**EXERCISE OBJECTIVE:**
A picture-free, exact transcript of the entries below is required.
(GIVEN DATA)
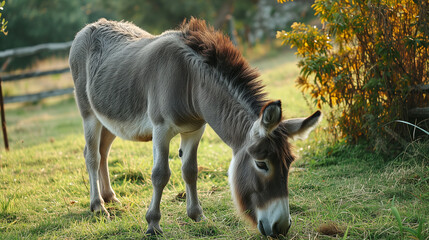donkey grazing on the grass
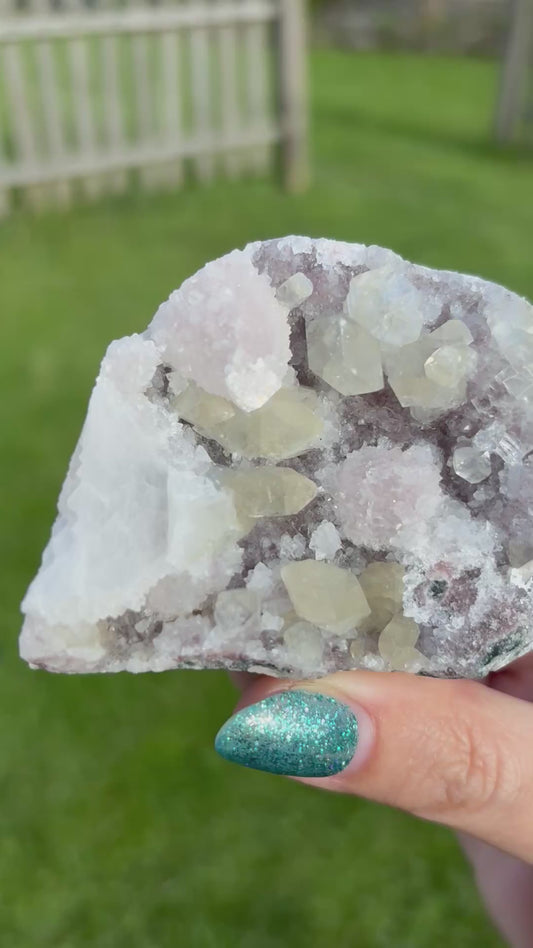 AAA Green Golden Apophylite on Vibrant Pink Druzy Bubble Chalcedony Cluster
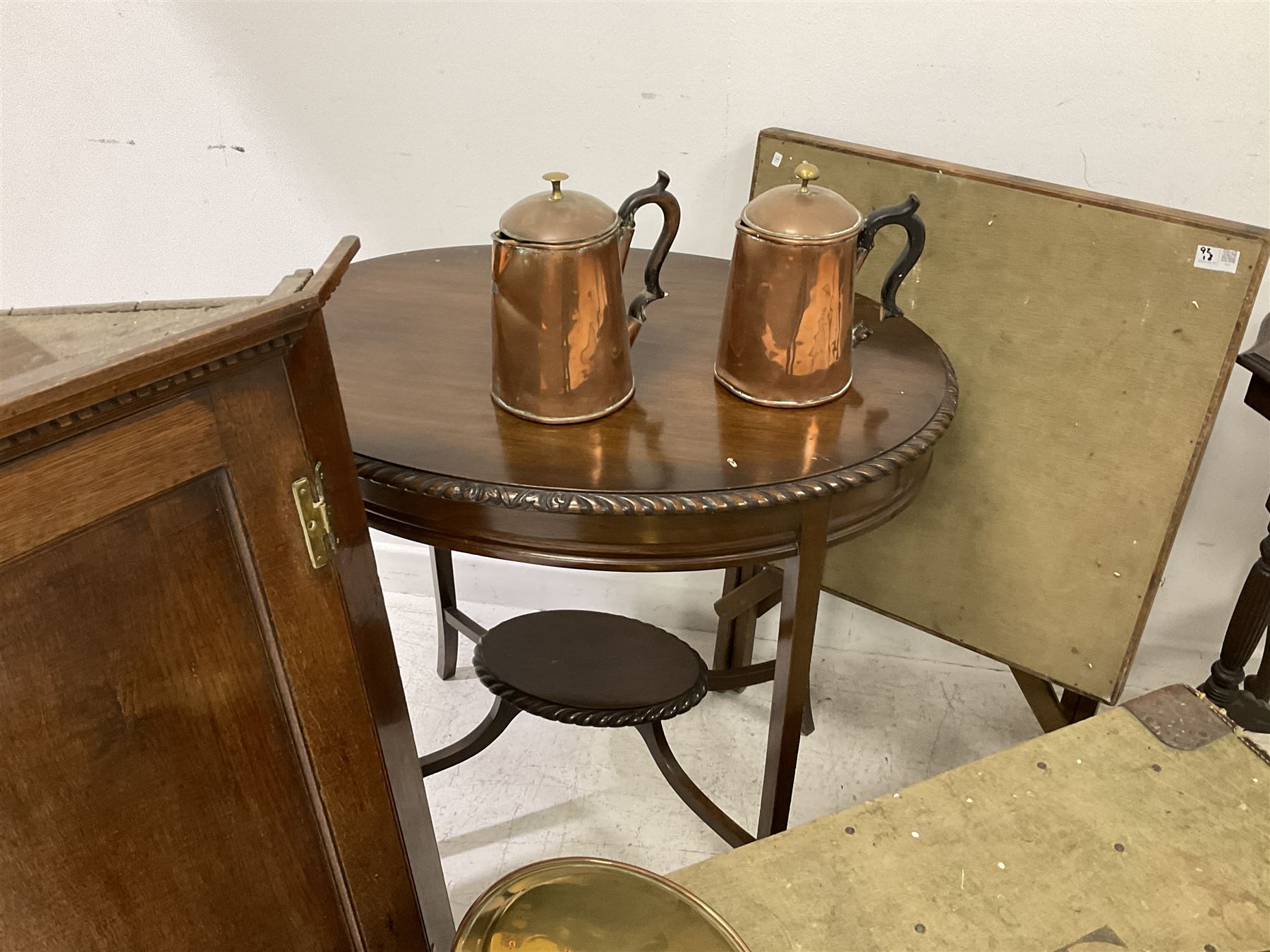 Early 20th century travelling trunk; copper coal bucket bed-pan and teapots; Georgian design corner - Image 5 of 7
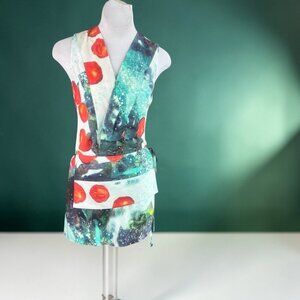 Misha Nonoo 100% Silk V Neck Mini Dress with Attached Flap Pouch Size 2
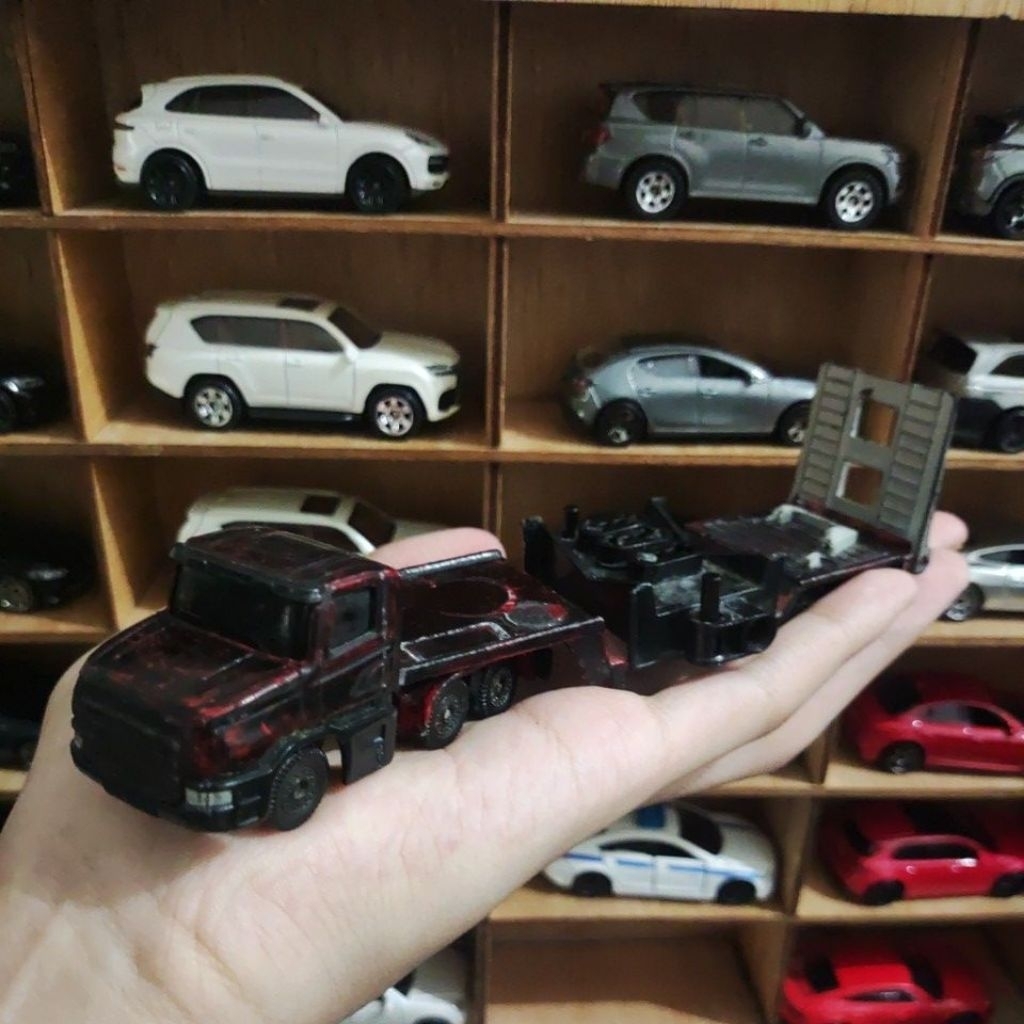 diecast siku super gmbh truk trailer hitam junk loose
(End GIVEN DATA)
**YOUR SOLUTION:**
donkey grazing on the grass
 AAA Green Golden Apophylite on Vibrant Pink Druzy Bubble Chalcedony Cluster
 Early 20th century travelling trunk; copper coal bucket bed-pan and teapots; Georgian design corner - Image 5 of 7
 Misha Nonoo 100% Silk V Neck Mini Dress with Attached Flap Pouch Size 2
 diecast siku super gmbh truk trailer hitam junk loose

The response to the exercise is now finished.